Context: Although diabetes affects 40% to 50% of adults with cystic fibrosis, remarkably little is known regarding the underlying mechanisms leading to impaired pancreatic β-cell insulin secretion. Efforts toward improving the functional β-cell deficit in cystic fibrosis-related diabetes (CFRD) have been hampered by an incomplete understanding of whether β-cell function is intrinsically regulated by cystic fibrosis transmembrane conductance regulator (CFTR). Definitively excluding meaningful CFTR expression in human β-cells in situ would contribute significantly to the understanding of CFRD pathogenesis.
Objective: To determine CFTR messenger ribonucleic acid (mRNA) and protein expression within β-cells in situ in the unmanipulated human pancreas of donors without any known pancreatic pathology.
Design: In situ hybridization for CFTR mRNA expression in parallel with insulin immunohistochemical staining and immunofluorescence co-localization of CFTR with insulin and the ductal marker, Keratin-7 (KRT7), were undertaken in pancreatic tissue blocks from 10 normal adult, nonobese deceased organ donors over a wide age range (23-71 years) with quantitative image analysis.
Results: CFTR mRNA was detectable in a mean 0.45% (range 0.17%-0.83%) of insulin-positive cells. CFTR protein expression was co-localized with KRT7. One hundred percent of insulin-positive cells were immunonegative for CFTR.

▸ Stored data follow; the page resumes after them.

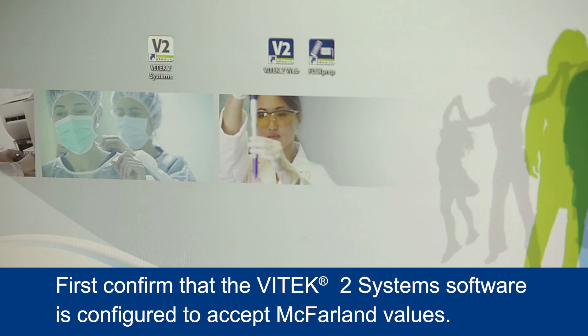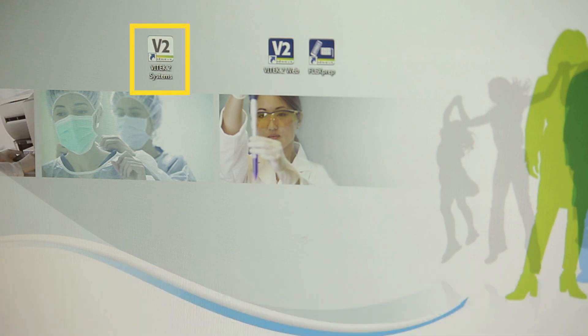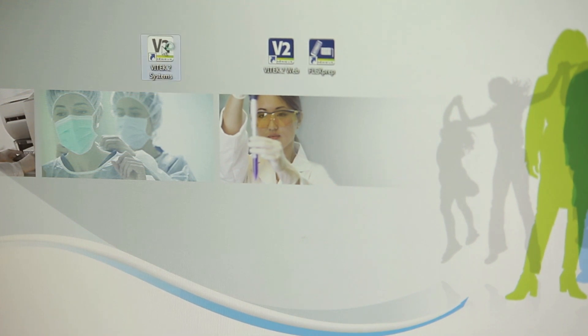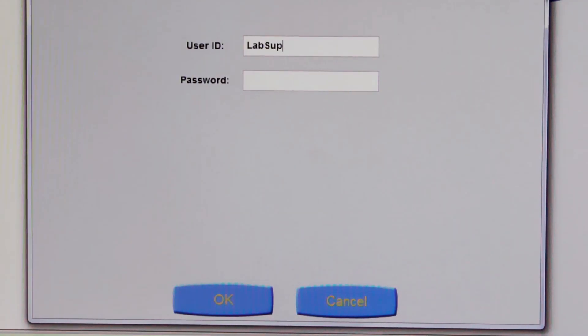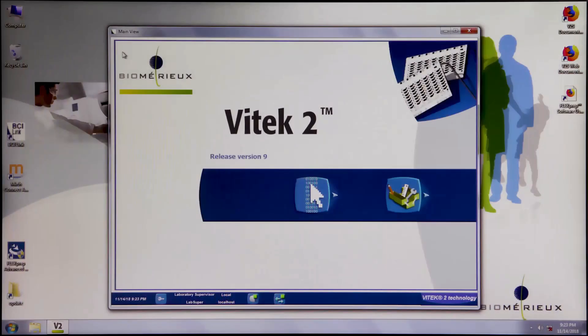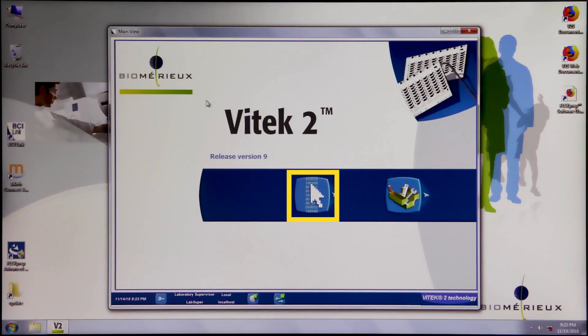First, confirm that the Vitek 2 system software is configured to accept McFarland values. Double-click the Vitek 2 Systems icon on the desktop of the PC. Log in as a supervisor or administrator. From the home screen, click the configuration view icon and select General Configuration from the drop-down menu.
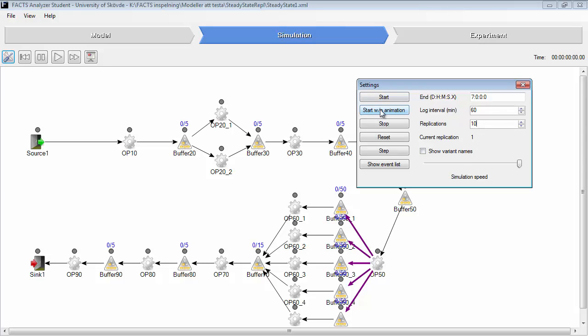Start without animation, run it. It runs for 10 replications as you can see.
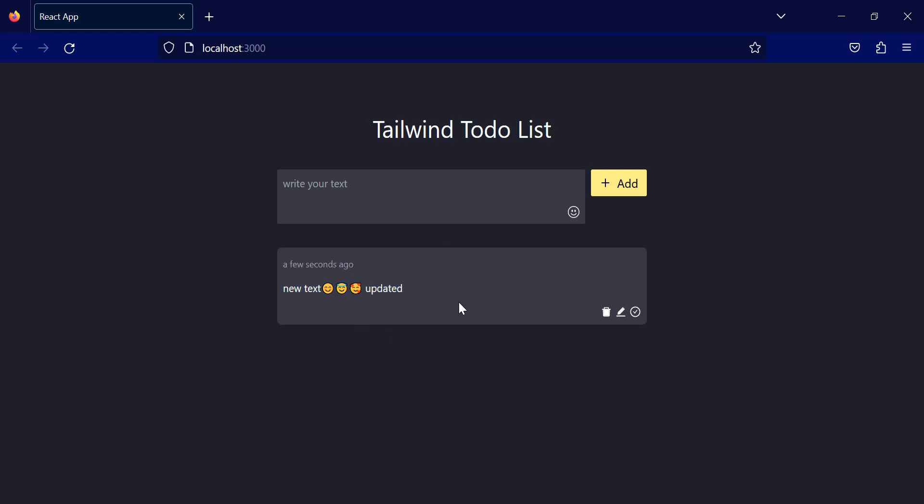And if I click this check button, you can see that the text will get a line-through. It means that the to-do list is completed.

Conclusions: For the first time, in situ CFTR mRNA expression in the unmanipulated pancreas has been shown to be present in only a very small minority (<1%) of normal adult β-cells. These data signal a need to move away from studying endocrine-intrinsic mechanisms and focus on elucidation of exocrine-endocrine interactions in human cystic fibrosis.
Keywords: cystic fibrosis related diabetes; cystic fibrosis transmembrane regulator; in situ hybridization.